Exercise |
Retyping should cover only the lines from the one containing "Used 2026 Toyota" through the final line of the records, with pictures omitted.

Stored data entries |

—————

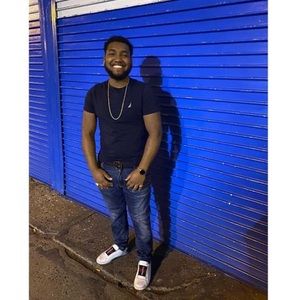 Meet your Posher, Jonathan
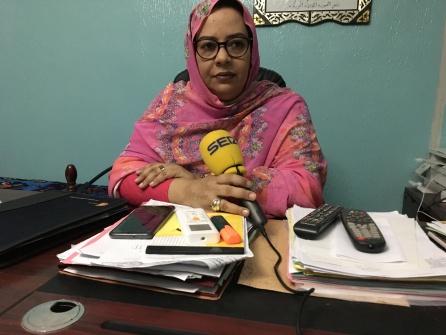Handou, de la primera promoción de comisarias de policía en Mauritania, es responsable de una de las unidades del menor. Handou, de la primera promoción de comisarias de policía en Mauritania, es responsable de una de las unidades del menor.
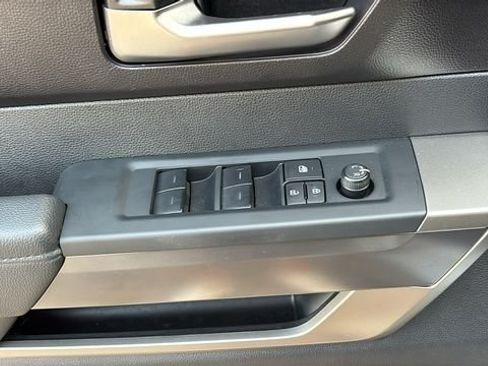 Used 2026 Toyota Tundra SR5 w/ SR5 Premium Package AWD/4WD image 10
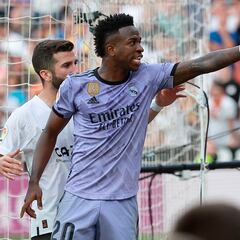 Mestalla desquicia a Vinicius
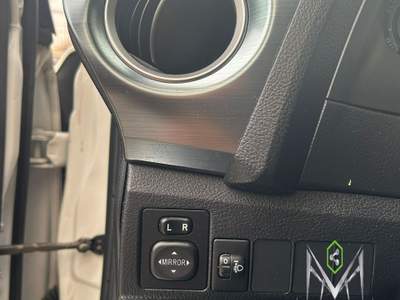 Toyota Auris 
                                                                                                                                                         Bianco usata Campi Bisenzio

—————

Solution for this problem |
 Used 2026 Toyota Tundra SR5 w/ SR5 Premium Package AWD/4WD image 10
 Mestalla desquicia a Vinicius
 Toyota Auris 
                                                                                                                                                         Bianco usata Campi Bisenzio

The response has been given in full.